7 de fevereiro de 2010

EM DEFESA DO SERVIÇO CIVIL

Revista Época
RUTH DE AQUINO


Se existe algo que deveria morrer de velho no Brasil é o serviço militar obrigatório. Para que fingir que continua a ser necessário forçar rapazes acima de 18 anos a se alistar no Exército? Em vez do serviço militar, rapazes – e moças – deveriam dedicar um ano de sua vida para servir à comunidade. Os filhos da classe média e da elite aprenderiam mais sobre o Brasil real se entrassem no mundo das crianças que nascem com pouco ou quase nada. Se fossem convocados a ensinar português, matemática, inglês, música ou informática.
Pela lei atual, até o brasileiro que mora fora do país é obrigado a se alistar. Claro que há mil jeitinhos para evitar os 12 meses no quartel. Só se alista hoje quem deseja seguir carreira nas Forças Armadas ou quem precisa ganhar um salário mínimo mensal como recruta. Os universitários costumam conseguir dispensa. Muitos se formam sem ter a menor ideia de como se equilibra na linha da pobreza a massa de brasileiros.
“É impressionante como a sociedade brasileira não oferece oportunidades de convivência entre cidadãos de diferentes camadas socioeconômicas”, diz o economista André Urani. A praia é uma ilusão. As pessoas se esbarram apenas.
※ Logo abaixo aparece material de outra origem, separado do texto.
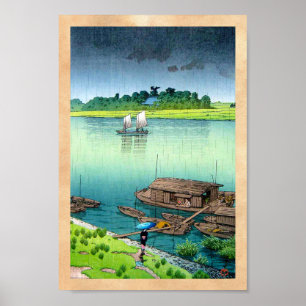 Poster Cool oriental japonais paysage rivière côté pluie
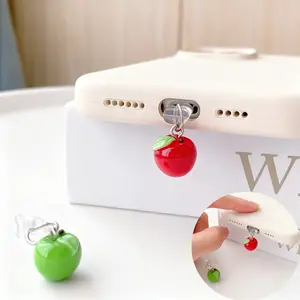 2 PCS Mini Apple Phone Dust Plugs, Design, Compatible with iPhone Models, Durable & Stylish Accessory, Cell Phone Charm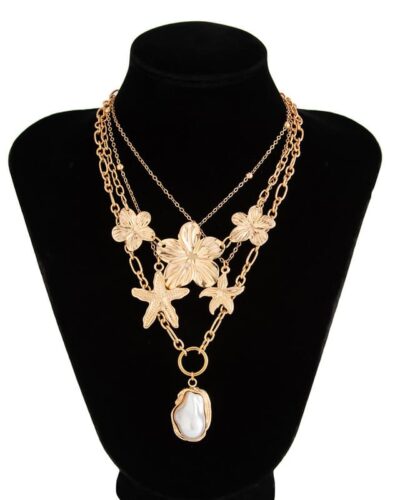 Bohemian Layered Flower Pearl Starfish Necklace Hawaii Style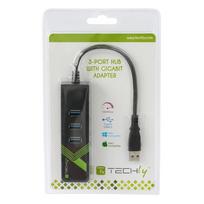 usb ethernet adapteris - Techly IDATA USB-ETGIGA-3U2 USB-A 3.0 Gigabit Ethernet RJ45 adapteris su 3x USB šakotuvu Juodas (Black) - 4 nuotrauka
No transporte, há um apartheid social entre os obrigados a usar transporte público e os que dirigem seu próprio carro.
Poucos jovens carentes chegam às concorridas universidades públicas e gratuitas – e as particulares são proibitivamente caras. Urani foi professor na Universidade Federal do Rio de Janeiro (UFRJ) durante 16 anos. A cada ano ele perguntava de onde vinham seus alunos: “Só tive dois que haviam estudado em colégio público municipal, embora a rede municipal do Rio tenha mais de 800 mil alunos”.
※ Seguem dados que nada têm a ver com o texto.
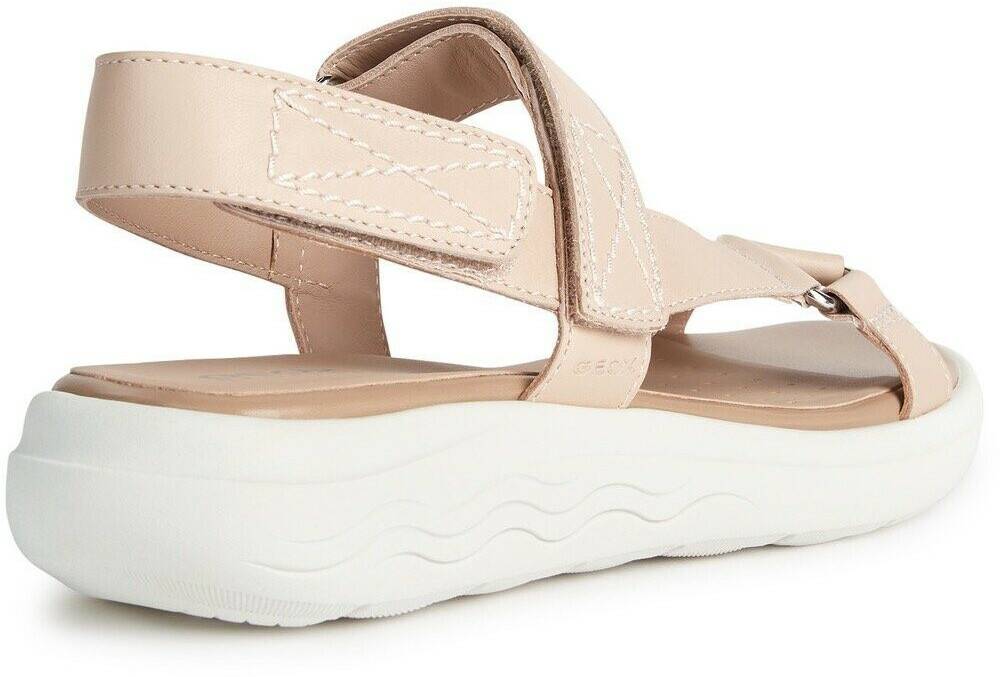 Geox Sandal D SPHERICA EC5W with fashionable platform sole beige light beige Sandalias mujer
Em vez do serviço militar, por que não levar os jovens
a prestar ajuda às comunidades que precisam?
Nas grandes cidades, a cultura dos condomínios cria uma juventude que se apega a privilégios e costuma sentir medo ou desprezo por pobres. Jovens de classe média alta só trabalham como garçons, garçonetes, babás e au pairs (empregadas) quando vão para o exterior fazer intercâmbio. Pais mandam os pimpolhos para os Estados Unidos, Europa, Austrália. Vão estudar idiomas e, muitas vezes, lavar pratos. Faz parte do aprendizado de vida e do amadurecimento. No Brasil, jamais fariam isso – não só por vergonha de servir a seus iguais. A mesada tropical é polpuda e o que se ganha aqui nesse tipo de serviço é muito menos do que lá fora. No Brasil, eles têm domésticas que recolhem suas roupas espalhadas no chão.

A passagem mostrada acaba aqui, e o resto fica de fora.